Of course, being an Almodóvar film, Bitter Christmas is still beautifully manicured and exquisitely styled, boasting more visual finesse and wry wit than most Palme d’Or contenders. But it feels a little like the 76-year-old auteur is repeating himself here with a minor-key piece of auto-fiction which too often slips into autopilot. Curzon have signed UK and Irish rights, while the director’s regular US partners Sony Picture Classics are covering North America.
Following a run of English-language projects, notably his elegantly sombre assisted-death drama The Room Next Door (2024), Almodóvar’s first film in his native language in five years returns him to some familiar late-career themes. Indeed, Bitter Christmas almost plays like a semi-remake of his prize-winning critical and commercial hit, Pain and Glory (2019). Both are semi-autobiographical portraits of veteran film-makers reflecting on love, loss and the tricky relationship between art and life.

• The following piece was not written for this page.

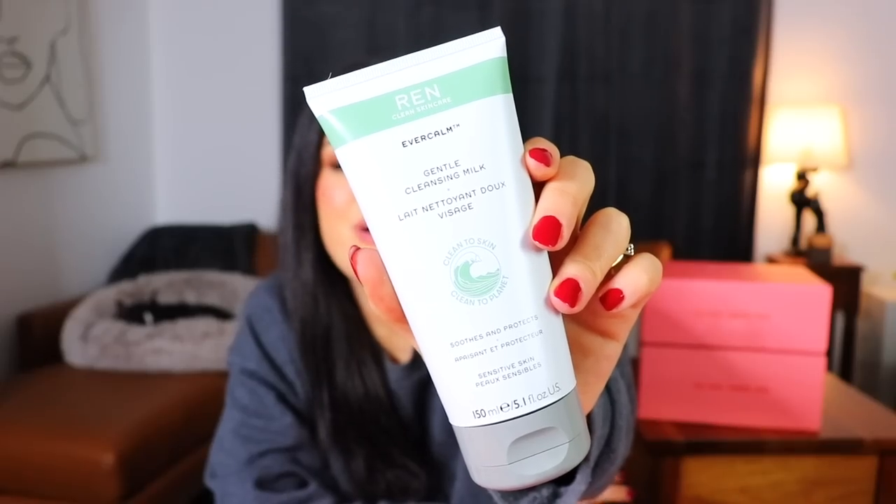Next we have another squeezy tube from Wren Skin Care — cleansing milk. There's something about calling things 'milk' with face and body care that kind of creeps me out a little bit. It says this soothes and protects and you're just supposed to rub it on your face and wash it off. So I'm guessing it is a face cleanser that is just very, very gentle and milky.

Bitter Christmas is also being billed as the Spanish heavyweight’s most self-critical film to date. Which may be accurate but, like much of his later work, it also delivers little of the lusty mischief, dark humour and anarchic queerness of his early work. Successful artists inevitably mature into elder statement, of course, but mellow restraint has never been a good look for Almodóvar. The price of having such a strong authorial voice, to the extent of essentially creating your own genre, is that you will always be judged against your fabulous early work.
Expanded from a short story penned by the director many years ago, Bitter Christmas takes place in the familiar Almodóvar Cinematic Universe of anguished artistic types living in impeccably furnished apartments in moneyed bohemian corners of Madrid. The story intertwines two parallel plot lines, taking place 20 years apart, with characters and events that self-consciously mirror each other.

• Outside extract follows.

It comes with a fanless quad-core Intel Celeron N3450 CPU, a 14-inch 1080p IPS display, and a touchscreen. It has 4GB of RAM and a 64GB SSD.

In the more contemporary scenes, older gay film director Raúl (Leonardo Sbaraglia), very clearly an Almodóvar surrogate, is struggling with low inspiration. He begins writing a screenplay about another film-maker, Elsa (Bárbara Lennie), an exercise in auto-fiction which switches genders but otherwise remains strongly autobiographical. These earlier sections take place in 2004, a year which Almodóvar says has pivotal significance for him, possibly due to his meta-fictional box-office hit Bad Education (2004), which also featured a struggling director protagonist and numerous flashback threads.
In one of the film’s funniest scenes, Elsa explains to a baffled hospital nurse that she is a “cult” film-maker, which means “most people don’t like my films.” Even so, she enjoys a luxurious lifestyle from making TV commercials and lives with a sexy younger boyfriend, hunky charmer Bonafacio (Patrick Criado), a fireman and occasional stripper.
But much like Raúl, who co-habits with his younger partner Santi (Quim Gutiérrez), these couples do not seem well-matched intellectually or emotionally. In both the “real” and fictional plots, Elsa and Raúl are surrounded by close friends grieving from family tragedy, shock bereavement and relationship break-ups, private traumas which these unscrupulous film-makers shamelessly cannibalise for their screenplays.
Bitter Christmas gently prods at these ideas in its episodic midsection, never quite persuading us that the navel-gazing anxieties of a few well-heeled neurotic artists adds up to more than a hill of beans in the real world. But a satisfying dramatic crescendo finally arrives in the closing act, when Raúl’s recently retired and brutally honest former assistant Mónica (Aitana Sánchez-Gijón) angrily berates him for being an emotional vampire, selfishly feeding off the tragic lives of friends, lovers and family members without their consent.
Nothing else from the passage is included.